Costello Memorial Chapel, Carrick-on-Shannon
This tiny but exquisite memorial was designed and built in Carrick-on-Shannon as a burial place for Mary Josephine Costello, who died on October 6, 1877. She was 47 years old when she died. Her husband, Edward Costello, was a local trader. He had her body embalmed and placed with a nearby nunnery for safekeeping while the chapel was being built.
Completed in April of 1879, the dedication ceremony included a Requiem Mass for Mary. Her beautifully adorned casket was placed in a sunken area to the left of the entrance door, where it was covered with a specially made glass. Until 1897, Mass was said on every first Friday of the month in the chapel. When Edward died in March of that year, he was laid to rest on the right side of the chapel. The couple had no other family members.
Costello Chapel, the smallest in Ireland and the second smallest in the entire world, is 16 feet long and 12 feet wide. Nestled among more modern buildings in the town of Carrick-on-Shannon, its entrance is marked by two stone pillars topped by beautifully designed Celtic crosses. The Costello coat of arms is visible at the top of the gable, its Latin words translate to-“Seek not thyself outside thyself.” The entrance door is fashioned from decorative wrought iron.

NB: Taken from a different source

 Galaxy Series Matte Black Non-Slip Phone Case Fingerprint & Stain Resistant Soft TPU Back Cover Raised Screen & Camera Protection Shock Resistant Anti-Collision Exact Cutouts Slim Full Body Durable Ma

Inside, the entire building is made from bath stone- there is no woodwork. The beautifully decorated marble altar sits in front of the single stained glass window. Between the two glass-covered burial sites stand panels of tiles showing scenes from the life of Jesus. When the dedication ceremony was planned in 1879, a special chalice was commissioned and used for the First Friday masses. It was passed on to St. Mary’s Roman Catholic Church following Edward Costello’s death.